Several plaintiffs have filed an appeal from the dismissals of their cases against the Archdiocese of Milwaukee.
At issue are two major questions for people abused by clergy as minors: How soon after the abuse must victims sue? And does the Constitution's separation of church and state prevent such suits?
Not in this report by Tom Heinen in yesterday's Milwaukee Journal Sentinel but in the Associate Press report is more detailed background.
The appeal, filed with the 1st District Court of Appeals, seeks to overturn decisions by Milwaukee County Circuit Judge Michael Guolee this year involving three alleged cases of sexual abuse by the late Rev. Siegfried Widera between 1973 and 1976 and one by the Rev. Franklyn Becker in 1982.
Guolee ruled the statute of limitations had run out in the Widera cases, involving two claims of fraud and one of negligence. The Becker case was consolidated with those cases and dismissed as well.
Heinen's Milwaukee Journal Sentinel report goes on to say,
Three plaintiffs said they were abused by Father Siegfried Widera at St. Andrew Parish in Delavan in the 1970s after he had been convicted in 1973 of "sexual perversion" involving a boy in Ozaukee County. The lawsuit alleges civil fraud, saying archdiocesan officials did not tell the parish about Widera's conviction and, after Widera molested boys again, worked to keep that knowledge from police and parishioners before allowing the priest to transfer to California.

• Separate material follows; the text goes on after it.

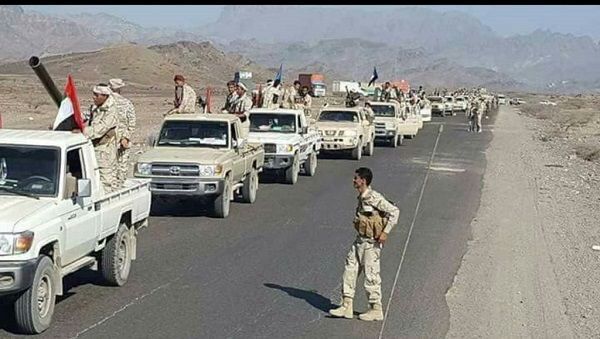 القوات اليمنية الحكومية تواصل الزحف نحو الحديدة بعد توقف مؤقت للقتال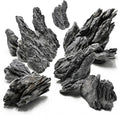 Seiryu Stone Aquarium Rocks 20lb Bag - Natural Aquascaping Rock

The plaintiffs fraud allegation is important because the statute of limitations does not begin to run until the fraud is, or ought to be, discovered.
That claim was strengthened when the archdiocese had to provide old correspondence and other documents to California courts after the California Supreme Court ruled that people who said they were sexually abused by Widera in California could sue the Archdiocese of Milwaukee in courts there.
Allusions to Fr. Widera's problems in correspondence from the Archdiocese of Milwaukee to the receiving diocese in California were held to be too vague to constitute sufficient warning to Church authorities in California for the court to rule they relieved Milwaukee of liability. Instead, a jury would have to decide this issue.